THE RECORDS
Start of Block
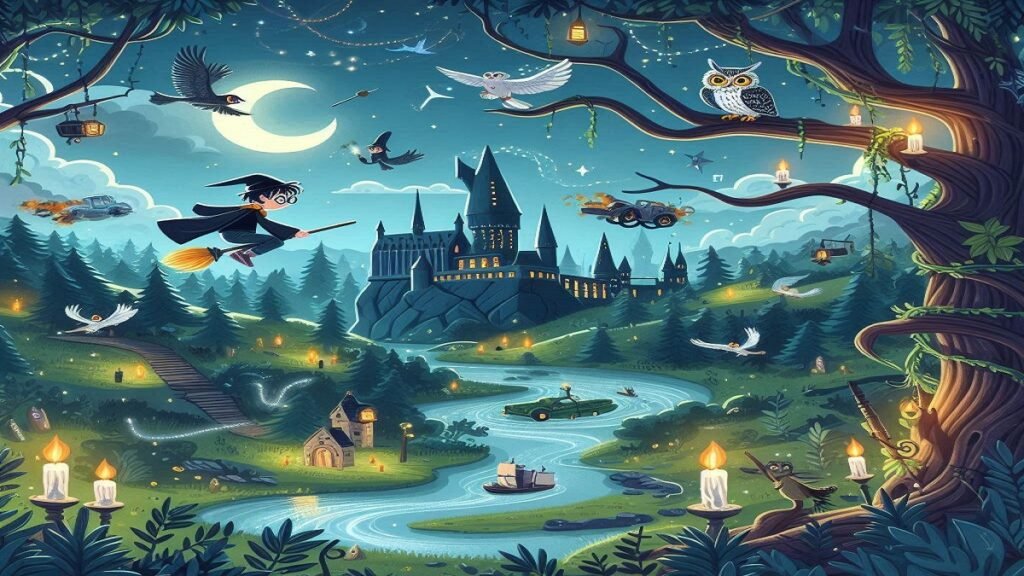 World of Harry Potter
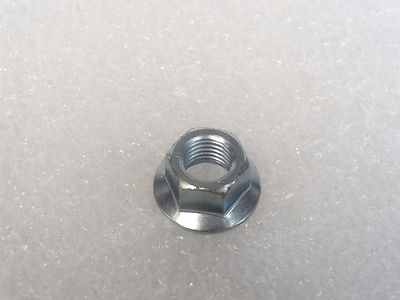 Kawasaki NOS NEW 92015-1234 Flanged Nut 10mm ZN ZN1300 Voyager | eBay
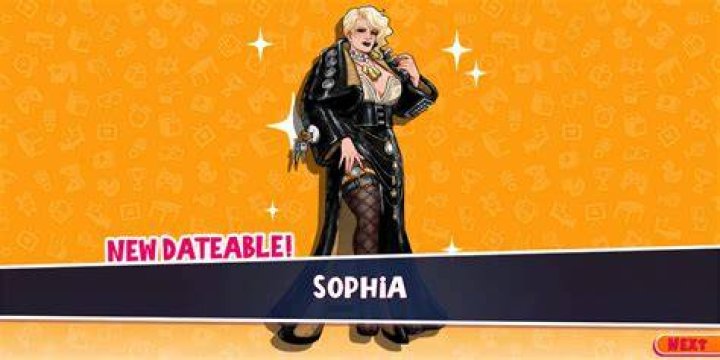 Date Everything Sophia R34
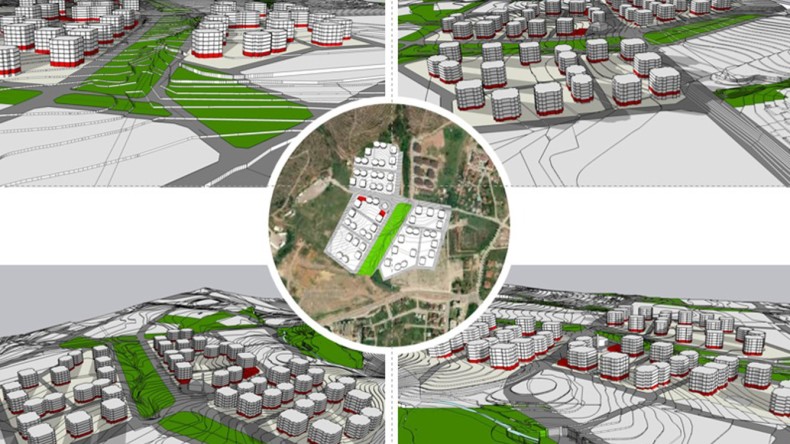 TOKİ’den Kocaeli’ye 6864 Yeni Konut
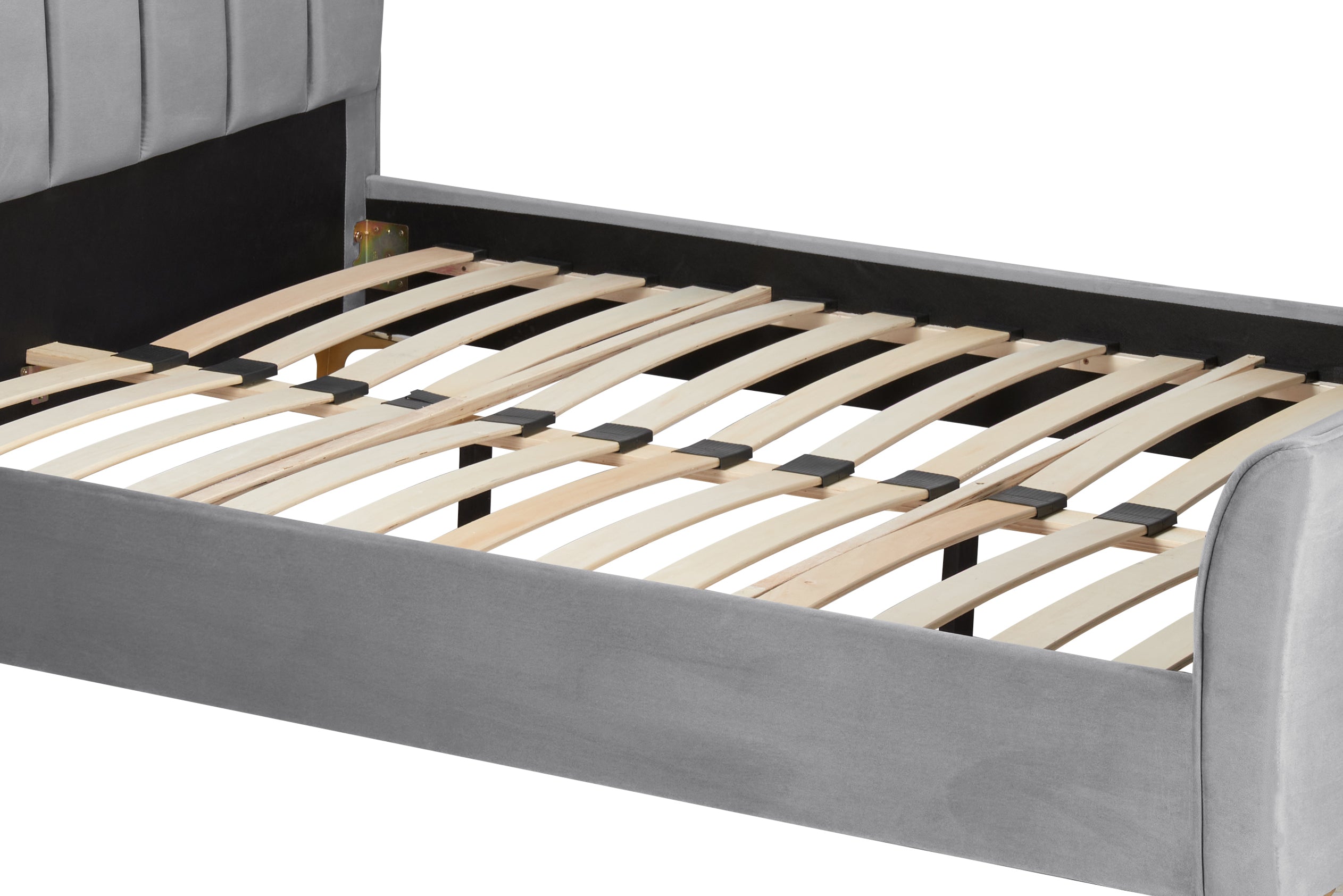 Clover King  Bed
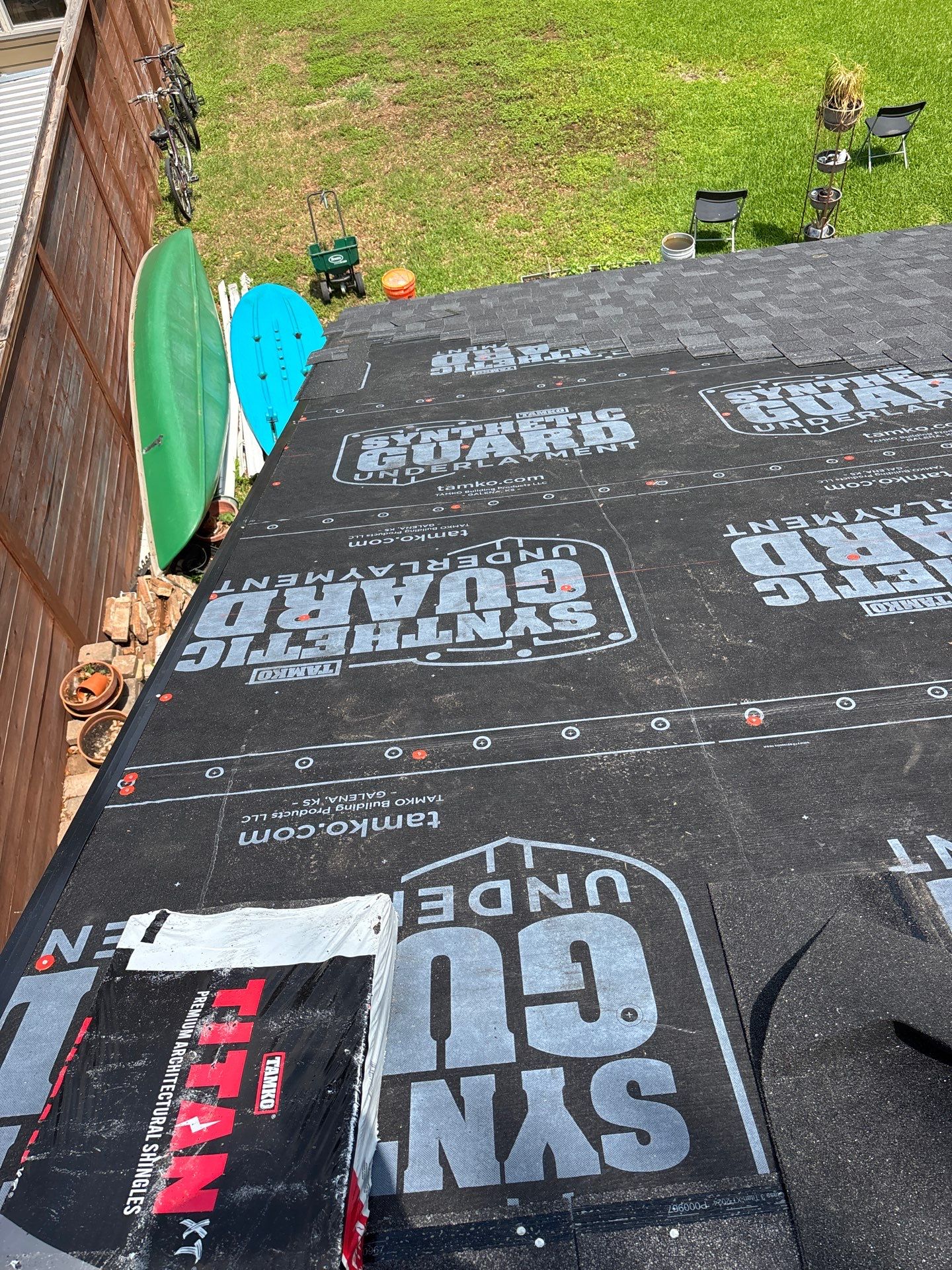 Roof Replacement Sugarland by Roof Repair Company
End of Block
Start of Block
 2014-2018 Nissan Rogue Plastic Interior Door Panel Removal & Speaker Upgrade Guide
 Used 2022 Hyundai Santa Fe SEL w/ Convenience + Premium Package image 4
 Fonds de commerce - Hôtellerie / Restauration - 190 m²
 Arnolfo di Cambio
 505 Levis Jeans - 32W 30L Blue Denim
End of Block
WHAT THE TASK REQUIRES
Each line above starting at the one holding "World of Harry Potter" and ending at the one holding "Roof Replacement Sugarland" should be set down exactly as it stands, both ends included, with no pictures.

RESPONSE
 World of Harry Potter
 Kawasaki NOS NEW 92015-1234 Flanged Nut 10mm ZN ZN1300 Voyager | eBay
 Date Everything Sophia R34
 TOKİ’den Kocaeli’ye 6864 Yeni Konut
 Clover King  Bed
 Roof Replacement Sugarland by Roof Repair Company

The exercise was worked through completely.